Avez-vous changé des choses dans le récit suite à l’actualité ?

J’arrête le récit il y a deux ans environ, pour raconter surtout l’après « révolution ». Je voulais me focaliser sur la chute de Ben Ali, les problèmes qui ont suivi entre manifestations pro- islamistes, les problèmes au gouvernement. Bien sûr ça fait écho à ce qui se passe aujourd’hui : je ne parle pas directement de l’attentat qui s’est passé au musée Bardo mais mon histoire montre bien comment l’instabilité politique du pays et les tensions préparaient en quelque sorte un événement pareil.
Quel est le pilier de votre récit ?
L’histoire de la Tunisie est racontée à travers le destin d’enfants d’une même famille, de classe moyenne. Pour moi, c’est la famille moyenne classique tunisienne. C’est vraiment comme mes grands-parents et mes parents : des gens simples qui vivaient tranquillement. Le récit se concentre sur les choix que les enfants vont faire, notamment la plus jeune des filles, qui incarne vraiment la recherche d’identité liée à cette « révolution ».

Shams voit tous les changements du pays, des années 90 très laïques aux années 2010 avec le boom de l’islamisation du pays : beaucoup de choses ont changé et chacun les a vécu différemment. Elle va chercher sa place en fait. Je voulais montrer ce changement, cette quête d’identité. Une quête finalement très universelle.
Et les autres enfants ?
Le grand frère, ex-blogueur, détonne un peu dans cette famille de la classe moyenne. Il était contre le régime Ben Ali, a été emprisonné pendant la révolution et cela a déclenché quelque chose en lui. Il va entrer dans une sorte de secte ultra-religieuse suite à cela.
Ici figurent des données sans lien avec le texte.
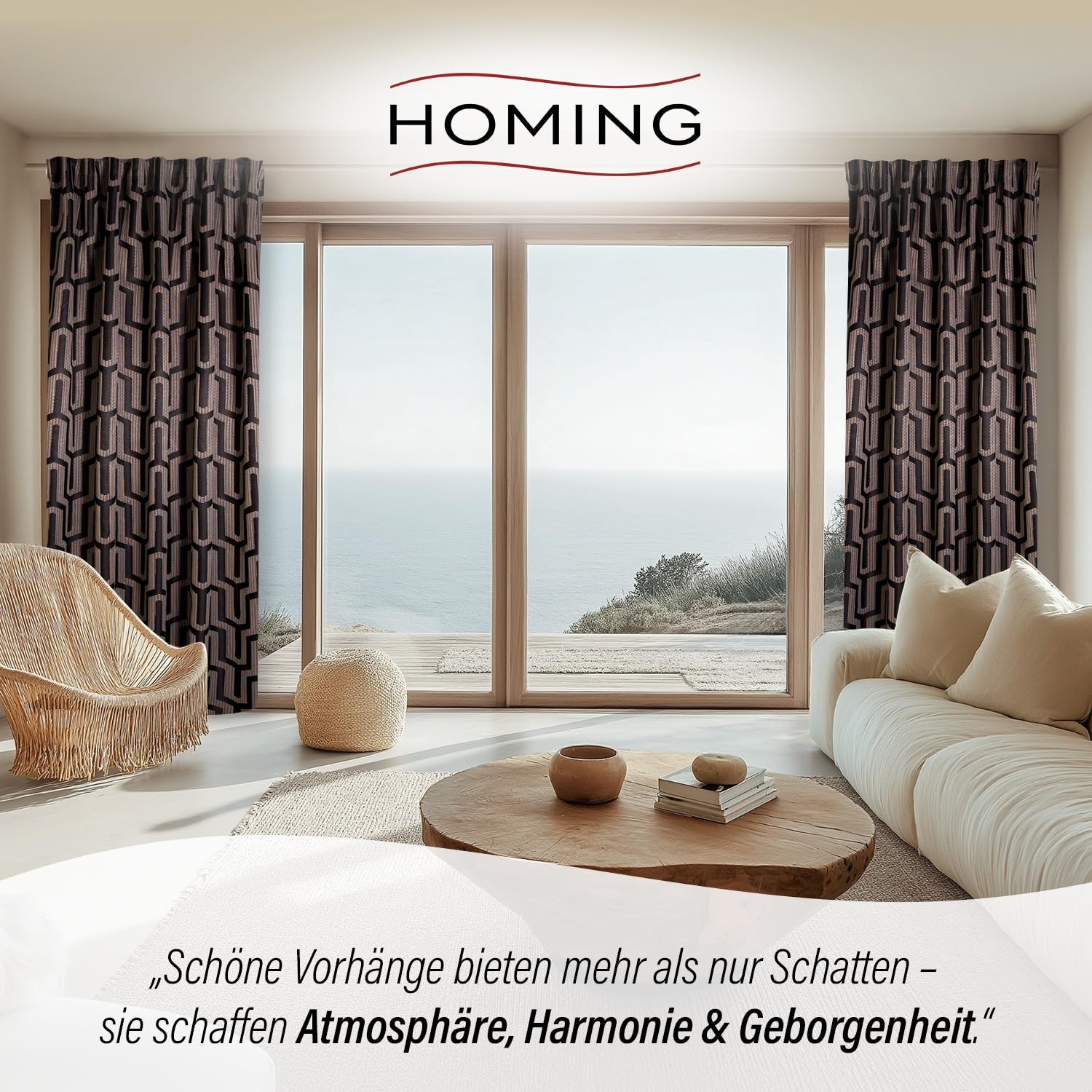 Homing Tiaro Vorhang blickdicht 140x245 schwarz-gold Muster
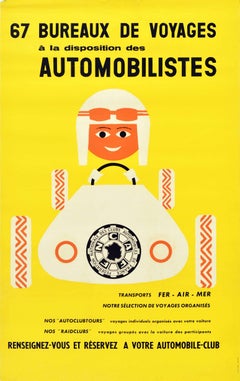 Affiche rétro originale, Bureaux de voyage motards, Course automobile, Milieu du siècle dernier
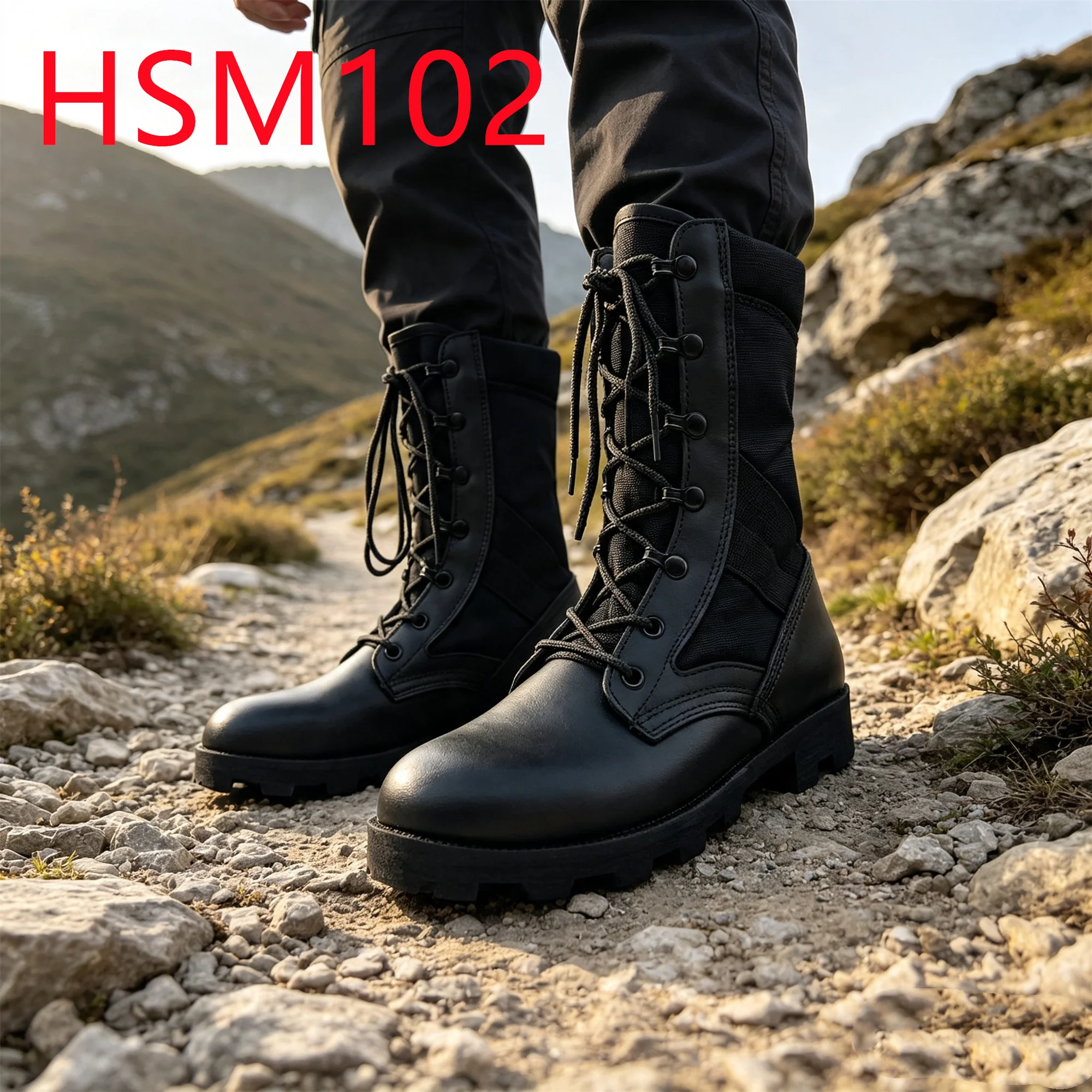 HY,Team Drill Super Hard&strong Rubber Sole Hua Singh Combat Boots Water-repellent Nylon Fabric Leather Boots for Retail HSM102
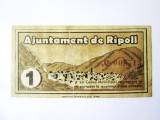Rara! Spania 1 Peseta 1937 Ripoll-Razboiul Civil
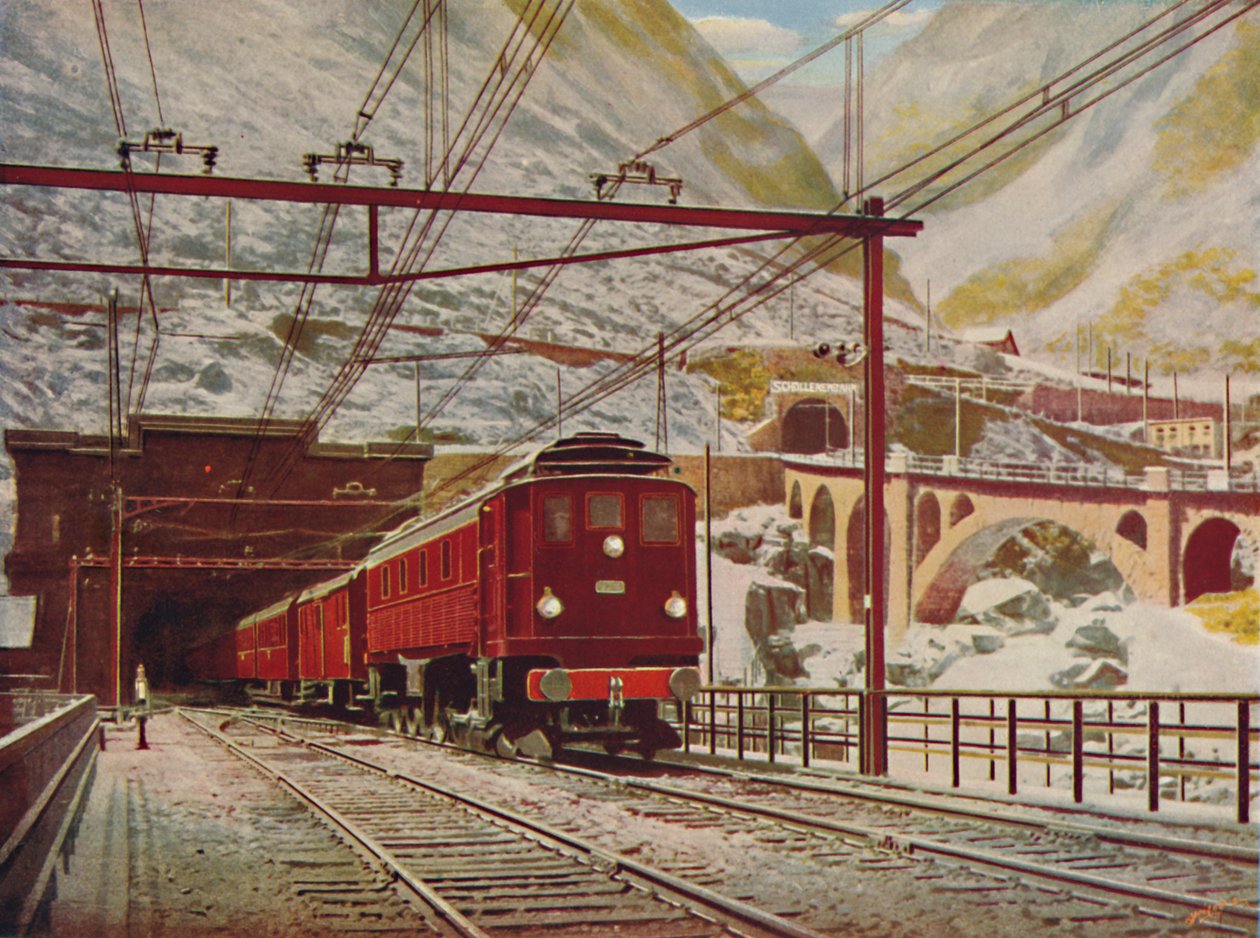 Schweizer Express verlässt den Großen St. Gotthard-Tunnel, 1926 von Unbekannt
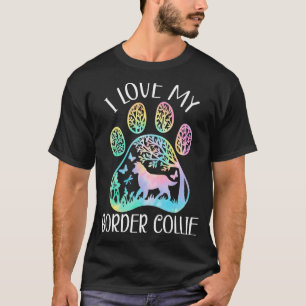 I Love My Border Collie Dog  Puppy Paw Love T-Shirt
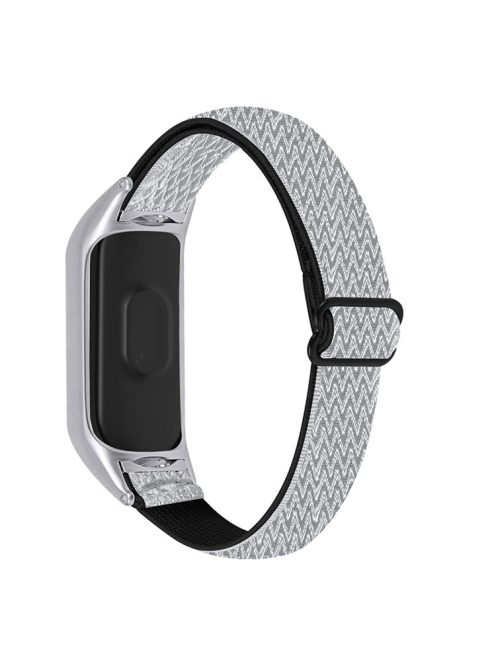 Braided Nylon Strap Watch Band Adjustable Elastic Solo Sports Loop Bracelet for Xiaomi Mi Band 4 / 3 - Black/White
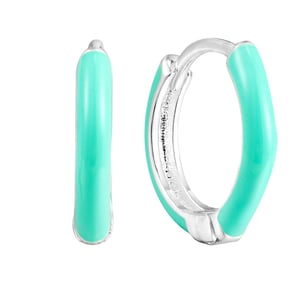 Sterling Silver Aqua Blue Enamel Hoops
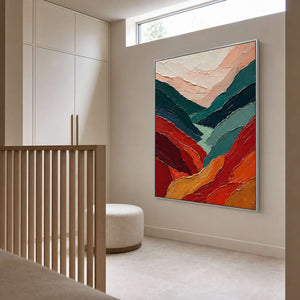 Textured Abstract Wall Art displayed in a refined bathroom.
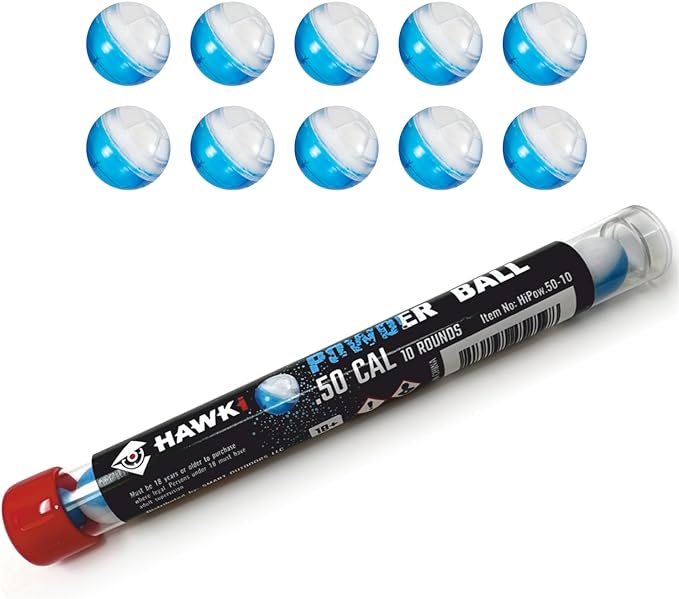 Hawki .43 Cal or .50 Cal or .68 Cal Powder Training Balls Non-Lethal for Paintball Guns, Great for Practice
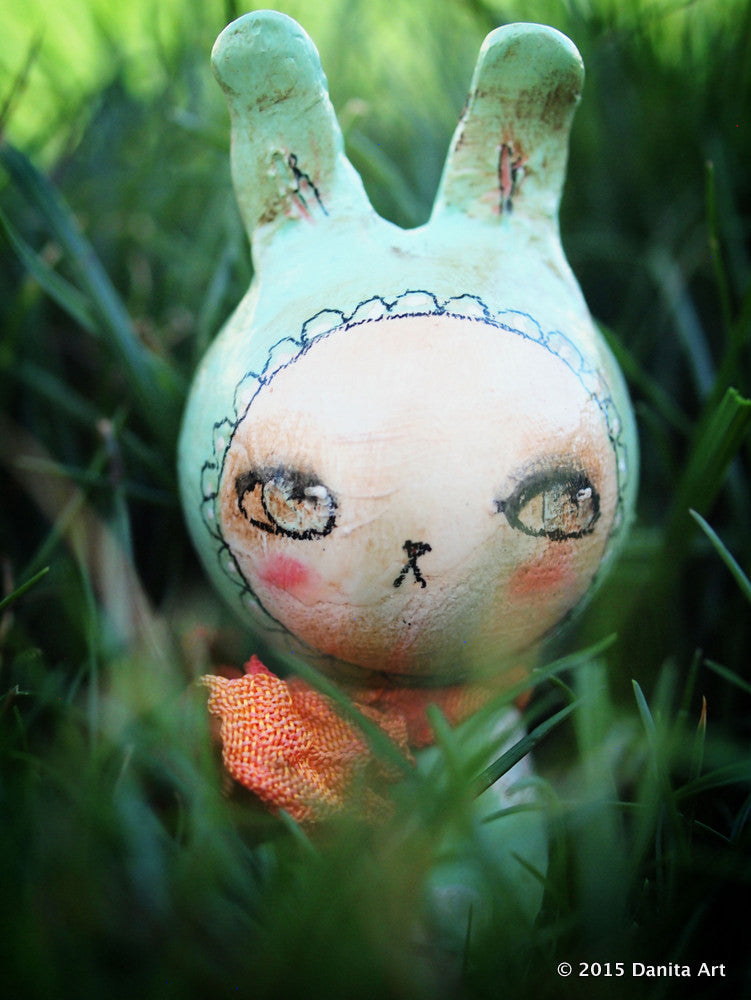 Aqua, the blue kokeshi Easter bunny, Miniature Dolls by Danita Art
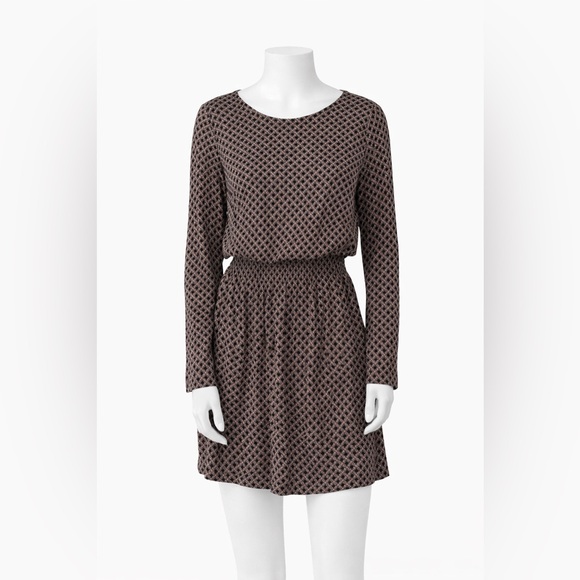 H&M Dresses & Skirts - H&M Geometric Print Mini Dress – Black & Brown Long Sleeve – Size 2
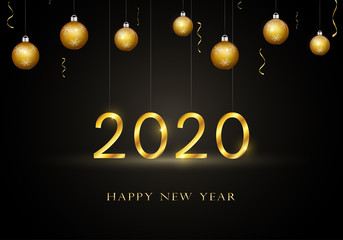2020 Happy New Year background with gold text.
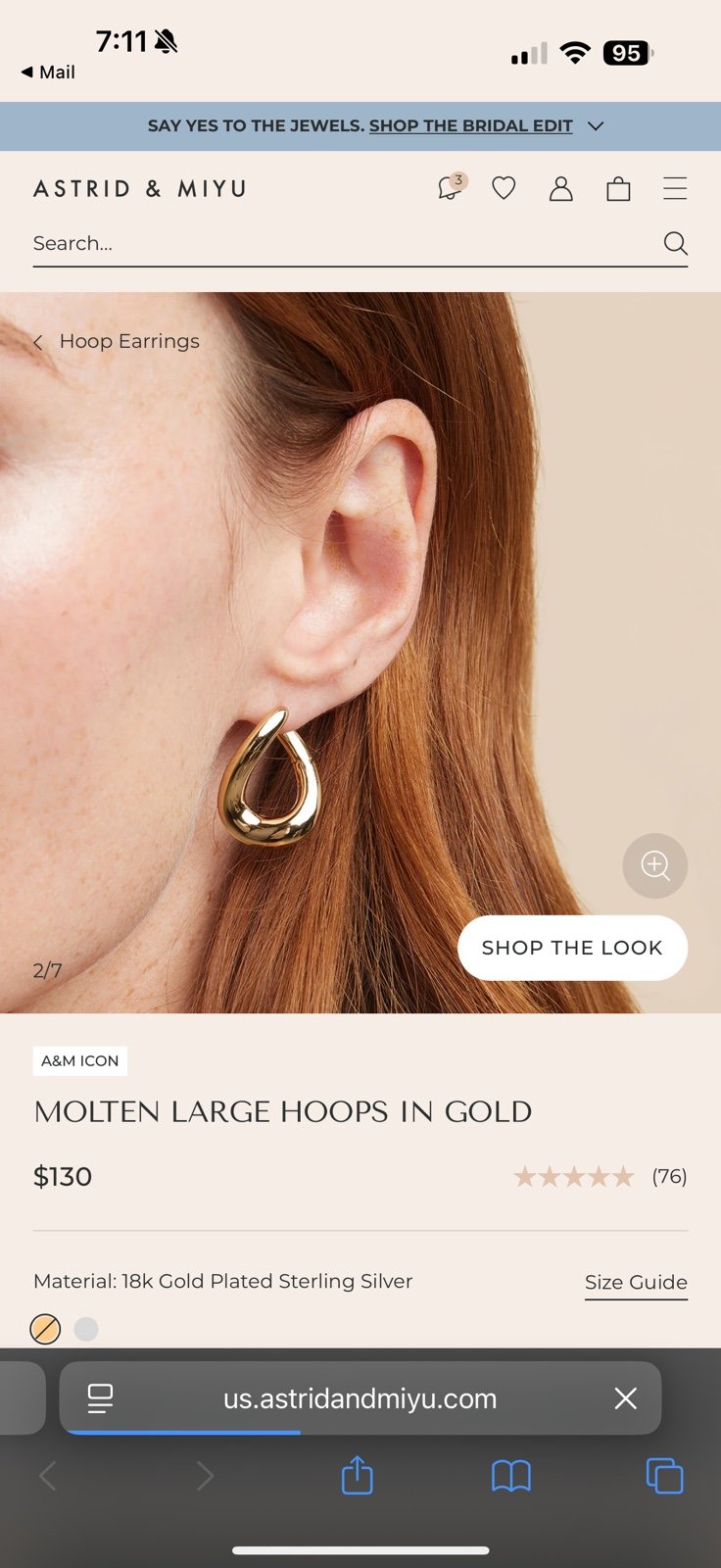 Astrid and Miyu Molten large hoop earrings in gold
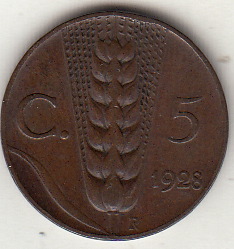 1928 5 Centesimi Spiga Circolata Vittorio Emanuele III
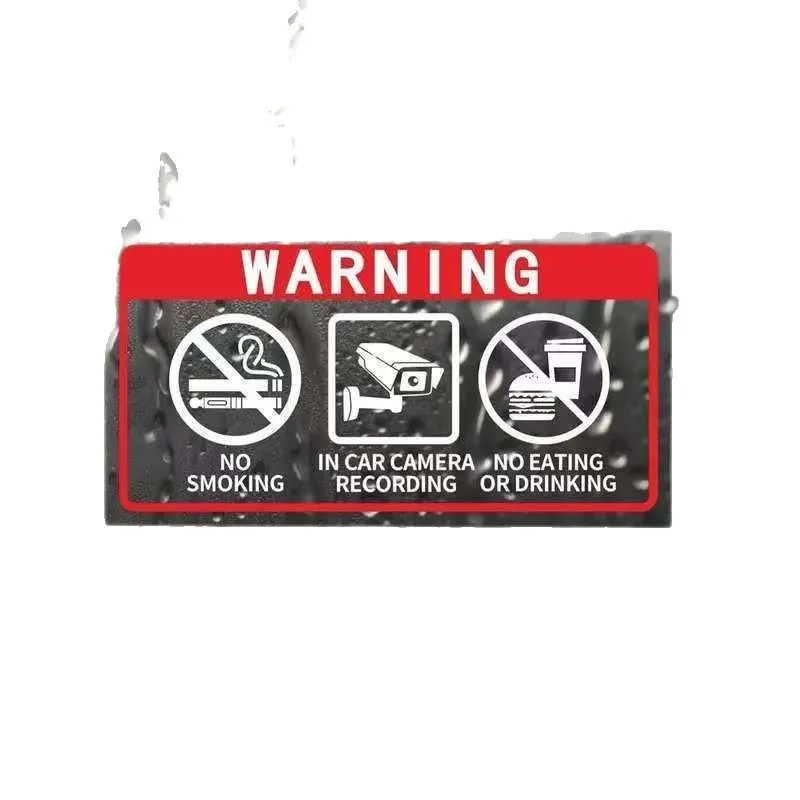 

1pcs Creativity Car Decoration No Eating/Smoking in Car Transparent Warning Sticker Label Indoor Attention Keep Clean Sticker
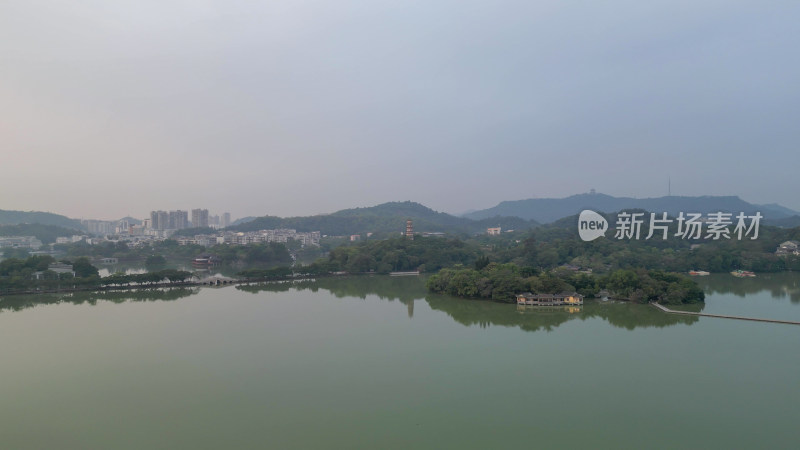 航拍广东惠州西湖景区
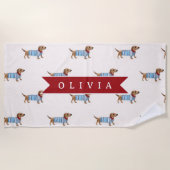 Personalized Preppy Cute Dachshund Dog Pattern ビーチタオル (正面)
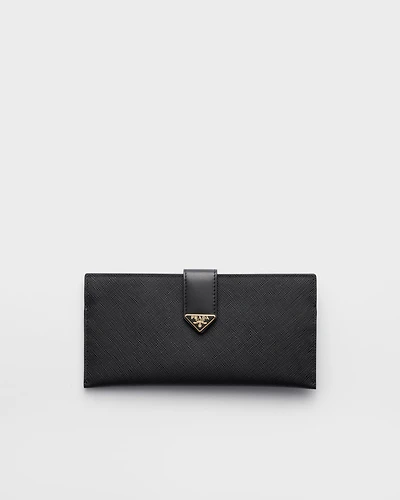Large Saffiano and leather wallet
La sœur aînée devient très religieuse, à la suite d’une déception amoureuse. Elle a cherché des réponses à sa déception dans la religion, comme aurait pu le faire n’importe quelle personne, musulmane, catholique ou autre. Les gens cherchent Dieu dans les moments de détresse. Enfin, la deuxième fille est très rebelle, car étant très belle, elle fait tout pour avoir plus de liberté : elle cherche son bonheur en défiant la société conservatrice tunisienne.